All contracts OKed for Miller-Driscoll project
Wilton’s selectmen, at their meeting on Dec. 7, authorized First Selectman Lynne Vanderslice to sign and execute, on behalf of the town, the remaining nine trade contracts for the Miller-Driscoll School project. All 22 packages for the renovation have now been approved.
Selectman Dick Dubow motioned the authorization. He was seconded by David Clune, and the resolution passed with the selectmen voting all-in-favor.
Fighting public pushback and further delayed by its own dissenting voting members, it took the board two contentious regular meetings and an equally contentious special session to get signed the first 13 contracts, which were earmarked “critical” and unanimously recommended by the Miller-Driscoll Building Committee.
Though power delegation is a right guaranteed to the Board of Selectmen by the Wilton Town Charter, members of the public attended the aforementioned meetings in droves to demand that the selectmen not “abnegate” their powers, out of what many termed a “fiduciary responsibility to constituents.”

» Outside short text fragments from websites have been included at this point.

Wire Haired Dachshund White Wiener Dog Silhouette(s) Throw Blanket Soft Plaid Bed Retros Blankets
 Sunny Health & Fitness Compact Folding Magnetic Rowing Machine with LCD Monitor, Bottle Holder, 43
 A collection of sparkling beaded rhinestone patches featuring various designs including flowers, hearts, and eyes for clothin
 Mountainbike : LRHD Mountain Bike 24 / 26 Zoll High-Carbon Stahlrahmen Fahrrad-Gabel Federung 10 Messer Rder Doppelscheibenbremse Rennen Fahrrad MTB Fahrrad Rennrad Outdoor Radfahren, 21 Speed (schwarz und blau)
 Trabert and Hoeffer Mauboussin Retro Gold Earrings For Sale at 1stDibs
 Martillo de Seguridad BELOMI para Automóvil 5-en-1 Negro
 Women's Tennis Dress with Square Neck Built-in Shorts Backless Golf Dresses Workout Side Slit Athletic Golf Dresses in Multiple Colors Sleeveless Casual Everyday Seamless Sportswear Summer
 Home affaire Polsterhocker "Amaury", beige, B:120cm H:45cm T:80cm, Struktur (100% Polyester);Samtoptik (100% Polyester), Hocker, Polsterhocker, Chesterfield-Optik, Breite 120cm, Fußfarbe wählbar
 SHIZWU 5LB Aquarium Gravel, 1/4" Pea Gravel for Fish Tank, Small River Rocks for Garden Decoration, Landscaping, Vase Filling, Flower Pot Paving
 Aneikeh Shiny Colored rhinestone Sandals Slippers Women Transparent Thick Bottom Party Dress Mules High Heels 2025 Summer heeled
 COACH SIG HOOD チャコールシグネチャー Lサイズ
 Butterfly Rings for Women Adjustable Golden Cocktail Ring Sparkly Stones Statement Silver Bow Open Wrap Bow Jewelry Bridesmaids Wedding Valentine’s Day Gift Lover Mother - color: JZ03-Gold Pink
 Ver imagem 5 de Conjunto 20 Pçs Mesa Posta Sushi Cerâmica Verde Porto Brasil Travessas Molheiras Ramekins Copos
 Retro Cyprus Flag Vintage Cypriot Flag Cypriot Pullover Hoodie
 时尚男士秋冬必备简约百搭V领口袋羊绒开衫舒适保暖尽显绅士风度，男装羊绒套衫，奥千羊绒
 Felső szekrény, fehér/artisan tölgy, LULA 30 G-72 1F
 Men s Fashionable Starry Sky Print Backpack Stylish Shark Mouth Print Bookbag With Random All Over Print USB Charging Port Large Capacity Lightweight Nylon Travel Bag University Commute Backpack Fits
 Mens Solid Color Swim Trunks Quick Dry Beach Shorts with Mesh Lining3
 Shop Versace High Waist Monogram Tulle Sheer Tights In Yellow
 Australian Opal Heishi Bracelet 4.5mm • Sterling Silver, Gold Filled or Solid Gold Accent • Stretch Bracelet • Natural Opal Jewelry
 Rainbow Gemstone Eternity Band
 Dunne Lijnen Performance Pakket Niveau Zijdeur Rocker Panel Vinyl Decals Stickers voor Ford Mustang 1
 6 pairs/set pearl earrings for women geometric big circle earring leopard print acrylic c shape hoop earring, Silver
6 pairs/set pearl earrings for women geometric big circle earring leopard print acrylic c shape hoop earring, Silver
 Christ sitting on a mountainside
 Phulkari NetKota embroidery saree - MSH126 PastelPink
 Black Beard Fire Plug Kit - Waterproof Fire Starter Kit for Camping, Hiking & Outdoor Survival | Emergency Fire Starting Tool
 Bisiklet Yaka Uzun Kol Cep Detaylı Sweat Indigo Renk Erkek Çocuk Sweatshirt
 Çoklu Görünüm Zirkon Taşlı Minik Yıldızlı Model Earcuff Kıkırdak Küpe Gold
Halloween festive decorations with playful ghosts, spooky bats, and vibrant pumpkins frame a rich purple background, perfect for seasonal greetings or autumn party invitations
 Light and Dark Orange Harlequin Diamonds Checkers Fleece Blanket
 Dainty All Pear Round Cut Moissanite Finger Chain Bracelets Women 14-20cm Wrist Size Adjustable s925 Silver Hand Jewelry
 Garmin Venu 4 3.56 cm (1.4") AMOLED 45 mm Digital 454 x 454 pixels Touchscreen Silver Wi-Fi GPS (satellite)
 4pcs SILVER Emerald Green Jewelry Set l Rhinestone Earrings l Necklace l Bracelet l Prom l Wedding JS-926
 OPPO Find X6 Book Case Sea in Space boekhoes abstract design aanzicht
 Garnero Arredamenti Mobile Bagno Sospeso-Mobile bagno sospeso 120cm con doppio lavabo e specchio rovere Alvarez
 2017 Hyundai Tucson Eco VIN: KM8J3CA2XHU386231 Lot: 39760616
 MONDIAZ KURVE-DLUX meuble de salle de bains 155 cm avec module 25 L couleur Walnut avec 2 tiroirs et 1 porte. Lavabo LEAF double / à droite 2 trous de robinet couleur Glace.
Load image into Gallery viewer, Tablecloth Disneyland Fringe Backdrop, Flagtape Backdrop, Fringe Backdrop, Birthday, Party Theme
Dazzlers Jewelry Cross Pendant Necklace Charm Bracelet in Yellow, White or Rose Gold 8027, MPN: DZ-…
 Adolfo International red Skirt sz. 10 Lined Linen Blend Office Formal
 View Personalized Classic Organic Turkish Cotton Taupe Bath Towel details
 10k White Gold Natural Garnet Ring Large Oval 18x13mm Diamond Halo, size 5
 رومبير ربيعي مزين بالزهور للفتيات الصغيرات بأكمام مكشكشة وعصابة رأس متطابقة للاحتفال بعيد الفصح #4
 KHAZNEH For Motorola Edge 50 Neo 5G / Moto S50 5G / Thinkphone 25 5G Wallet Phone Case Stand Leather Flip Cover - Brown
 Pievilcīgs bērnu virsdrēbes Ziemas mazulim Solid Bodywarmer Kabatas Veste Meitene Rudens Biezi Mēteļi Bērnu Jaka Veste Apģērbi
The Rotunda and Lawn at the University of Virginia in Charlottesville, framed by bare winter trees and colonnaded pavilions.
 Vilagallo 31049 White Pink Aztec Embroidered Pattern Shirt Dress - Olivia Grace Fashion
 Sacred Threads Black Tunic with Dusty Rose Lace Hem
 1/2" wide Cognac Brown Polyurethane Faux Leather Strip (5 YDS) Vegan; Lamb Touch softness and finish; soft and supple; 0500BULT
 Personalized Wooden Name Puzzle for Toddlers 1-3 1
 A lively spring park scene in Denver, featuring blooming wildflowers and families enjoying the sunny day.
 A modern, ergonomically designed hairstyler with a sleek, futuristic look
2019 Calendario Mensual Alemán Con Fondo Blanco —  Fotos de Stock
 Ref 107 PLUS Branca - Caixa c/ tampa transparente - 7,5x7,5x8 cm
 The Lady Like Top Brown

Many used the opportunity to address other perceived issues that ranged from the failure of democracy down to specifics of the project plan and contracts.
At the Dec. 7 meeting, Turner Construction’s senior project manager for the Miller-Driscoll renovation, Michael Douyard, went through each of the nine contracts and explained why the winning bids were awarded and why the work scopes for each contract were important to the overall project.
These were for millwork, doors, frames and hardware, acoustic ceilings, ceramic tile, vinyl composition tile, carpet and resinous flooring, wood flooring, painting and wall coverings, kitchen equipment, and landscaping.
While the above nine contracts were sidelined until Dec. 7 as less critical than the 13 first approved, Douyard explained that most of them were nevertheless urgent due to the “need to get the submittal process initiated to coordinate with other trades.”
Agent vs. manager at risk
For that reason, Vanderslice asked Wilton’s director of facilities and energy management, Chris Burney, to attend the Dec. 7 Board of Selectmen meeting and prompted him to further explain the difference between a construction manager agent — like Turner — and a construction manager at risk.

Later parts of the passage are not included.